Huynh said the group is planning a fourth sit-in this Friday because, following their biweekly timeline, because more students have joined the movement. 

“It’s kind of our last hoorah before break, and we don’t want to lose momentum over the break,” Huynh said. “We’ve only just started to see some progress with our demands.” 


Huynh said the group is working to achieve structural change, which includes University transparency, a restorative justice program and faculty and staff training regarding what constitutes sexual misconduct and how to prevent it.

“This is about a system and (a) power imbalance,” Huynh said. “We would love to see Sarkar and Hutchinson fired, but you fire one person, and that doesn’t address the amount of faculty and staff who are guilty of sexual misconduct but just haven’t been outed yet.”

On Tuesday, UT President Gregory Fenves and Maurie McInnis, executive vice president and provost, committed to attending a student-led forum at the beginning of next semester where students can voice concerns about sexual misconduct policies and violations, according to a Coalition press release.
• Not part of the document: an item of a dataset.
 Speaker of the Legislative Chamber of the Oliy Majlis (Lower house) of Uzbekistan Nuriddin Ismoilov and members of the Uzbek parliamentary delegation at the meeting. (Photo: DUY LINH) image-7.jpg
Huynh said they have filed an open records request with the University and will receive a summary of all misconduct violations from November 2017 until the present, but she feels this information should already be free to the public.
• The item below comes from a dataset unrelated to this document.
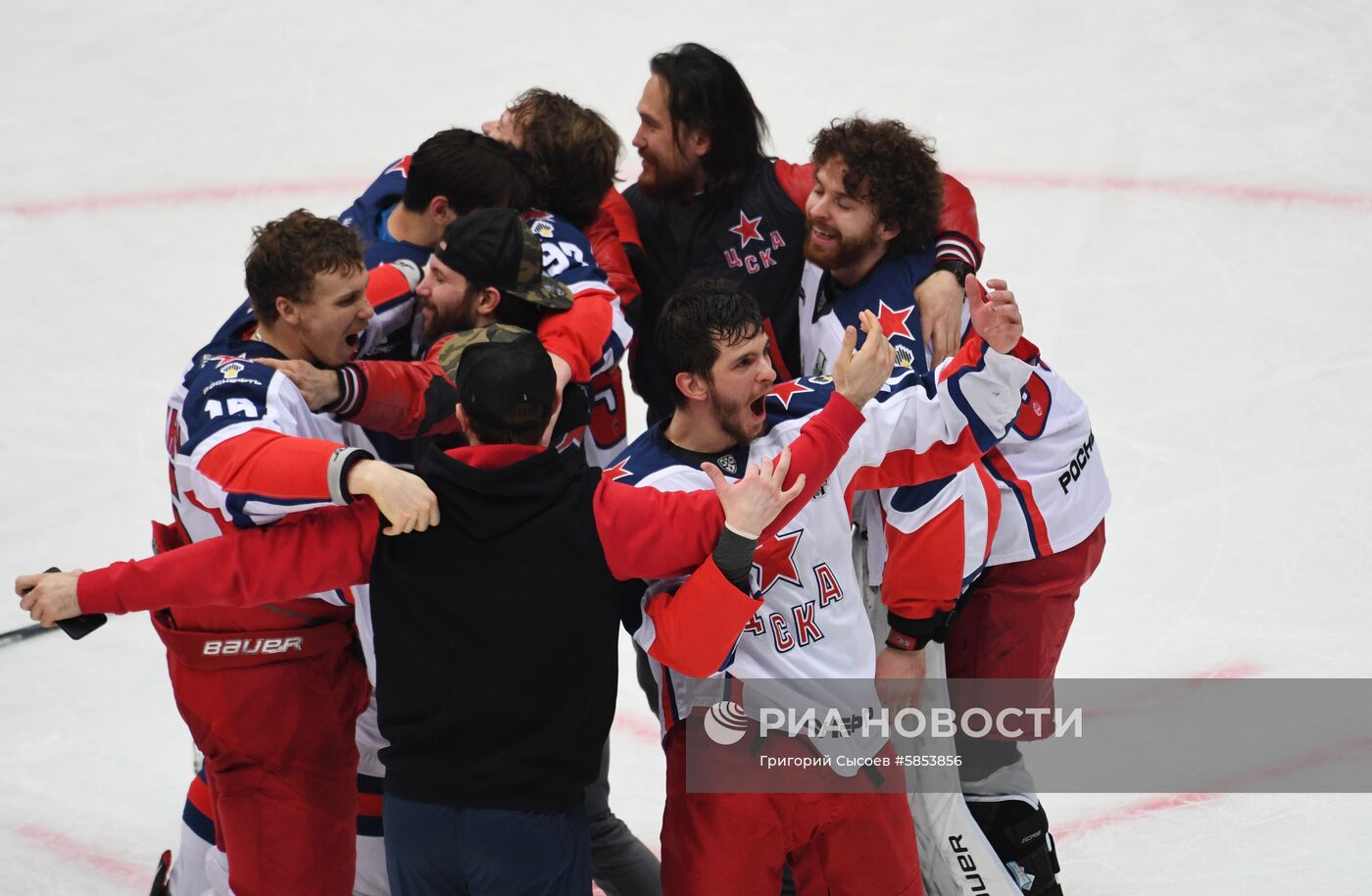 Хоккей. КХЛ. Матч "Авангард" - ЦСКА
“You shouldn’t have to make a request,” Huynh said. “It should just be publicly available.”

The Coalition has also received about 1,300 signatures on a petition, which was published on Nov. 27 and calls for the University to hold a forum, release a report of professors guilty of misconduct and establish a restorative-justice program, among other requests.

“I became involved because I have two friends in Sarkar’s class right now,” said Lindsey Asis, a government and sustainability junior and Coalition member. “They came to me when this started unfolding about how upset they were about the whole thing. As someone who has the ability to make a difference, as someone who isn’t part of that class, … I wanted to be here for them.”
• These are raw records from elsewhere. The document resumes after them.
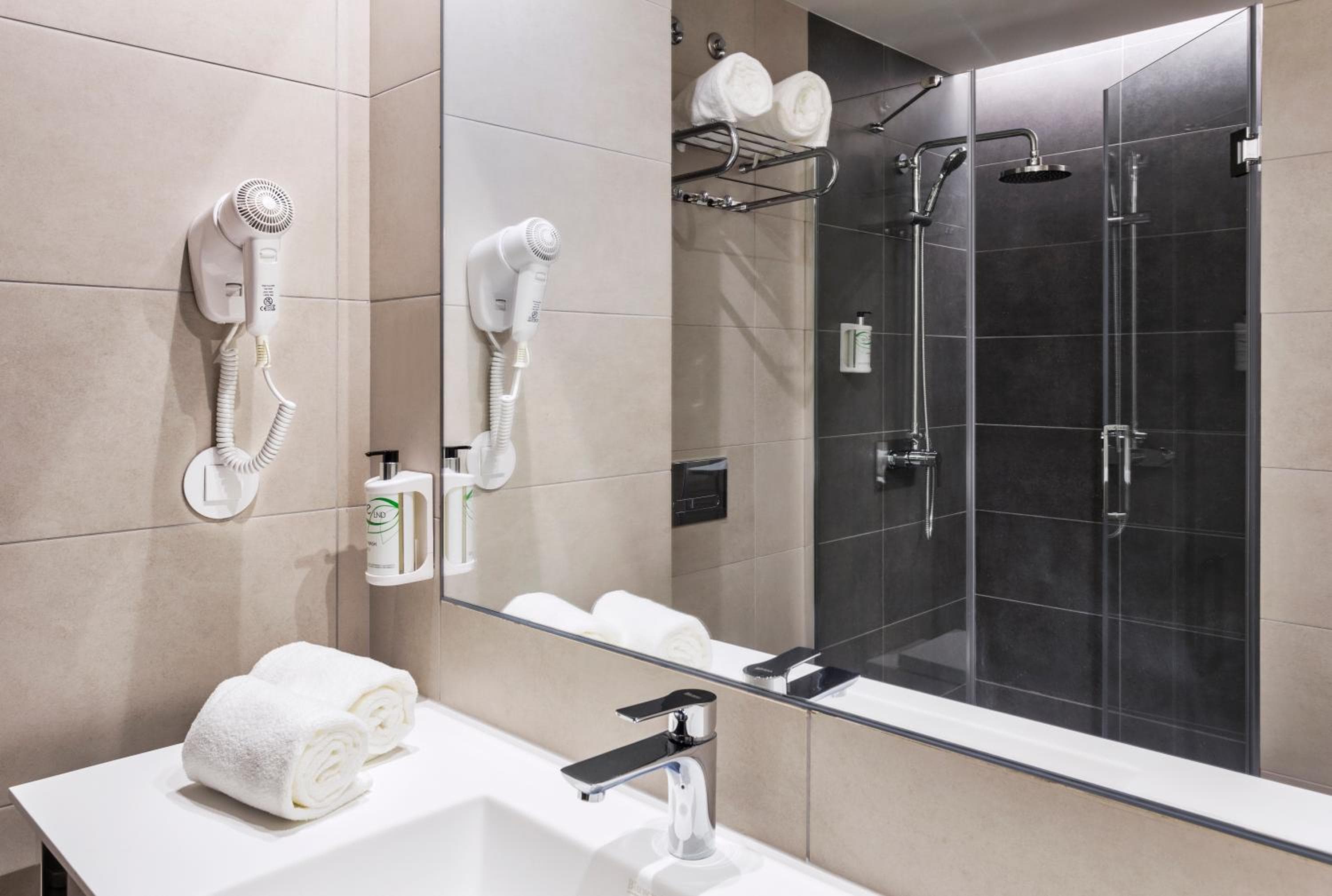 B&B HOTEL Lissabon Flughafen — 18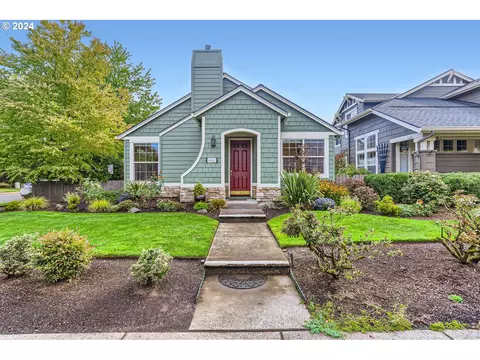 6162 NE Rosebay Dr, Hillsboro, OR 97124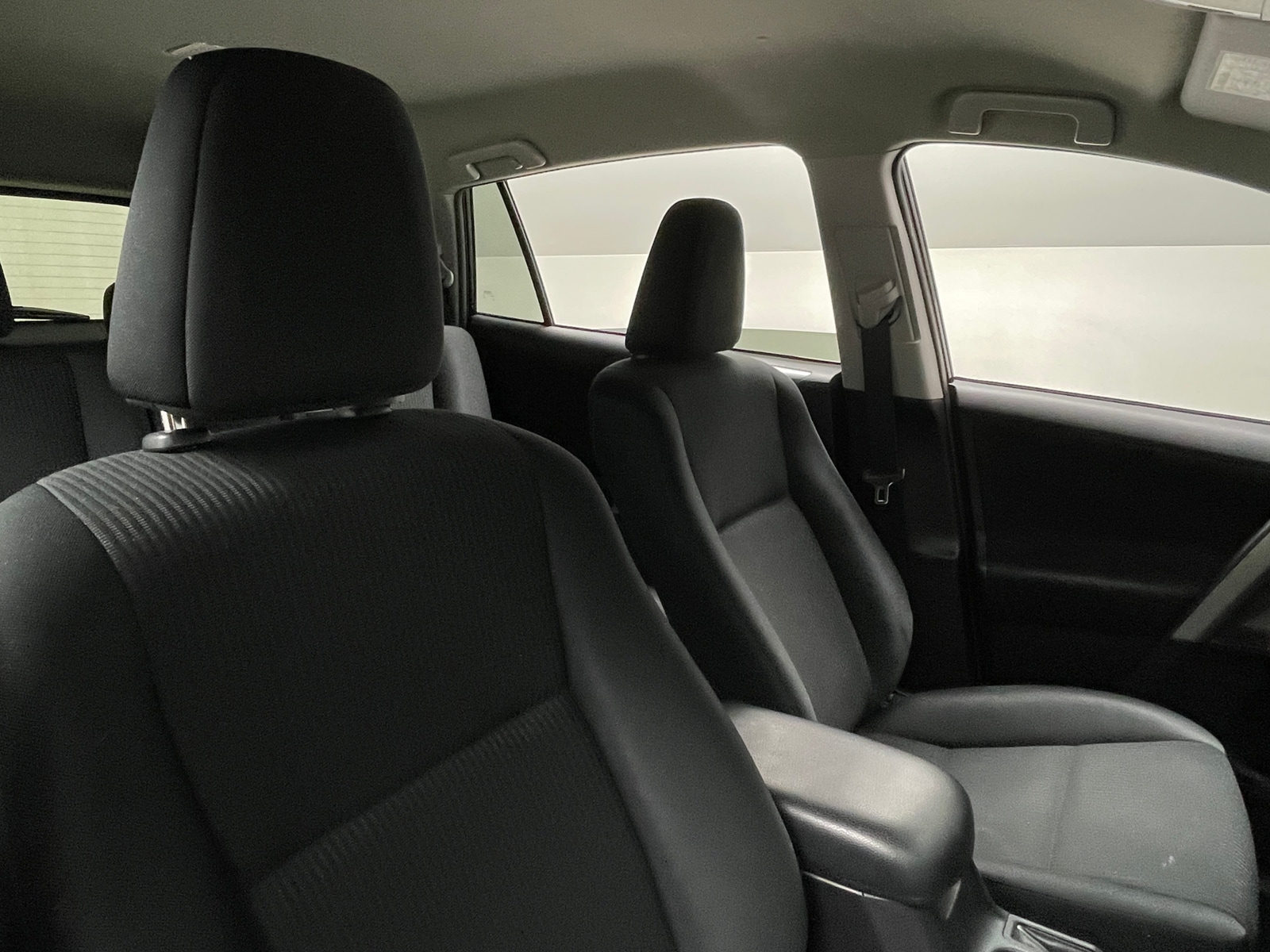 Thumbnail: 2017 Toyota RAV4 - 2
Simone Gabriela Harry, another student organizer of the third sit-in, said she became interested in the movement when she wanted to register for a class to fulfill degree requirements but realized Hutchison was the professor.

“I’m also a survivor, and I have a lot of emotional ties to this cause, so devoting myself to it has been difficult, but it’s very necessary,” said Harry, an English and black studies junior. “I have like eight papers and two exams and I don’t sleep, but this is where I need to be.”